**DATA IN THIS EXERCISE:**
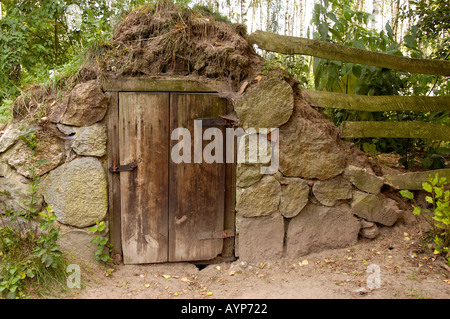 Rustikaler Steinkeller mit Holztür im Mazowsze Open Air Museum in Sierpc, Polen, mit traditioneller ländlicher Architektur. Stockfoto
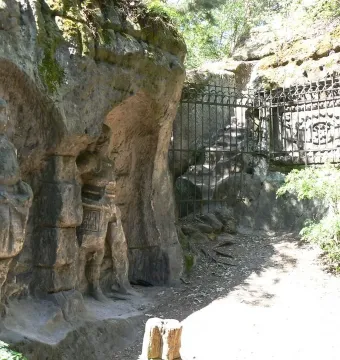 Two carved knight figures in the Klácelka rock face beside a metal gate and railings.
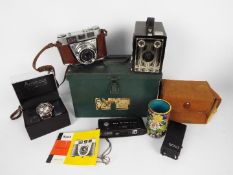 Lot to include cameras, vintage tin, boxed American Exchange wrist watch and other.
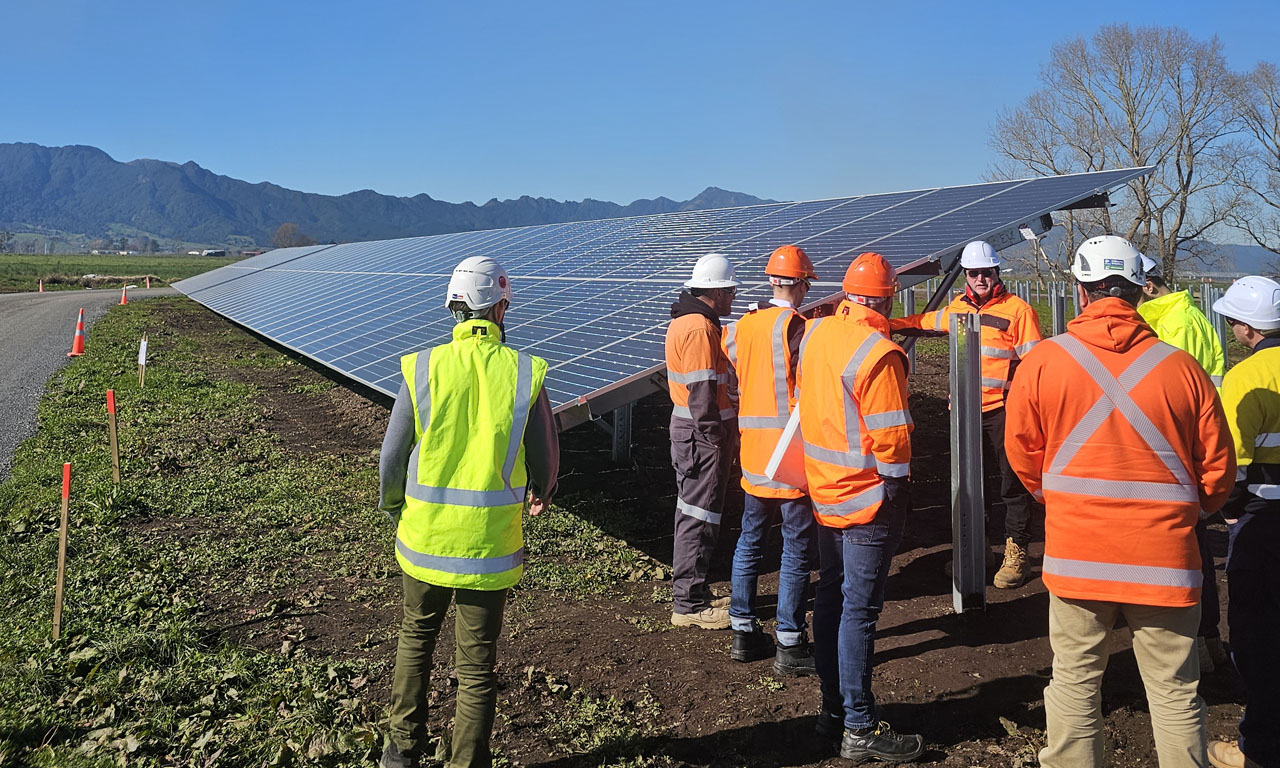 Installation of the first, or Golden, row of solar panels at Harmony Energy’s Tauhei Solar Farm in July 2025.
* * *
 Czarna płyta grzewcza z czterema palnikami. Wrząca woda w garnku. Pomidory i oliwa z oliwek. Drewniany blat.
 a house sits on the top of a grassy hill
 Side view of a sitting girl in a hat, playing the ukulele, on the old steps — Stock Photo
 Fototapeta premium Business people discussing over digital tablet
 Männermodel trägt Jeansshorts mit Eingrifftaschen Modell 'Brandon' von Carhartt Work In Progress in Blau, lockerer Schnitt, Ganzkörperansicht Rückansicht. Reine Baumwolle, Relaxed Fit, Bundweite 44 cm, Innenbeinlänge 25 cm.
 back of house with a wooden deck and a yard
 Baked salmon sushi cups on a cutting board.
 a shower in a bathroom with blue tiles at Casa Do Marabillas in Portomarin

**WHAT YOU HAVE TO DO:** Which lines hold the word "house"? Copy each of them from the records.

**TASK RESPONSE:**
 a house sits on the top of a grassy hill
 back of house with a wooden deck and a yard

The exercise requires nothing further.